Temuan partikel mikroplastik di perairan Indonesia yang relatif masih rendah ini menjadi harapan untuk menghilangkan dampak mikroplastik pada biota laut. Itu bisa dilakukan dengan meningkatkan pengelolaan sampah secara baik serta menjalankan perilaku pengurangan konsumsi plastik.
Pengurangan sampah
Menanggapi sejumlah riset ini, Direktur Pengelolaan Sampah Kementerian Lingkungan Hidup dan Kehutanan Novrizal Tahar menyambut dengan baik.
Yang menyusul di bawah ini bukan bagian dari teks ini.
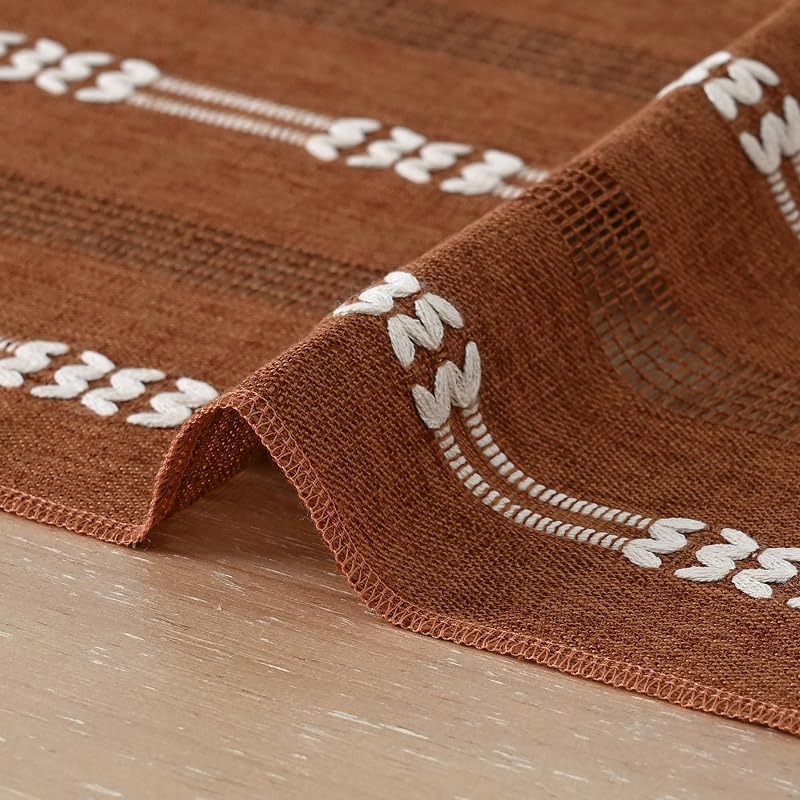Caramel Farmhouse Embroidered Table Runner 13x60 Inch - Seasonal Fall Kitchen Decor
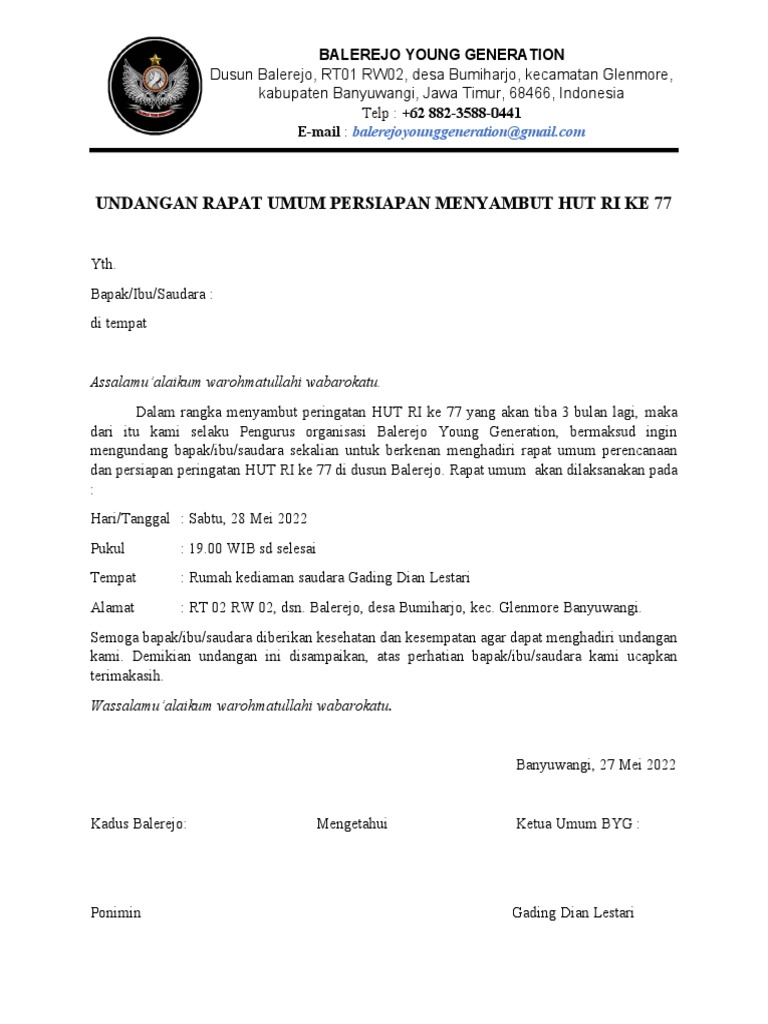 Undangan Rapat Umum Agustusan | PDF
Ia pun sepakat agar pemerintah daerah bisa meningkatkan tingkatan pengurangan sampahnya dengan tak hanya melarang kantong plastik, tetapi juga styrofoam.
Selain menimbulkan sampah, penggunaan styrofoam untuk makanan – kata Reza Cordova – bisa memicu berbagai penyakit kanker. Apalagi bila styrofoam tersebut dibakar sembarangan sehingga menimbulkan senyawa dioksin dan furan yang membahayakan kesehatan.
Novrizal Tahar mengatakan Pemprov DKI Jakarta beserta kabupaten/kota di sekelilingnya bisa meniru Pemprov Bali yang melarang penggunaan plastik sekali pakai (single use plastic) seperti kantong plastik sekali pakai, sedotan plastik, dan styrofoam. Ia pun menambahkan cutlery (alat makan berupa sendok/garpu plastik sekali pakai) untuk dikurangi penggunaannya.
Langkah ini dinilai efektif dan membantu mengurangi beban pengelolaan sampah sehingga menurunkan risiko sampah tak terkelola yang mengalir ke sungai dan berakhir di laut. “Sudah saatnya Jakarta dan daerah penyangganya melangkah ke pengurangan sampah. Kita (pemerintah pusat) sudah punya visi single use bag, cutlery, styrofoam untuk phasing down (bertahap ditinggalkan),” ungkapnya.
Kepala LIPI Laksana Tri Handoko pun mendukung larangan pemakaian Styrofoam merupakan prioritas. “Hasil temuan teman-teman kami di LIPI, styrofoam itu paling banyak karena tidak laku. Kalau botol plastik harganya mahal jadi banyak yang mau ambil,” kata dia.
Ia mengatakan pengurangan sampah ini perlu diikuti persiapan infrastruktur pengolahan sampah misalnya penerapan teknologi insinerator mini pada klaster gedung dan kampung. Ia menekankan insinerator itu membutuhkan teknologi seperti plasma untuk mengurai dioksin, senyawa berbahaya yang timbul dari pembakaran tak sempurna plastik.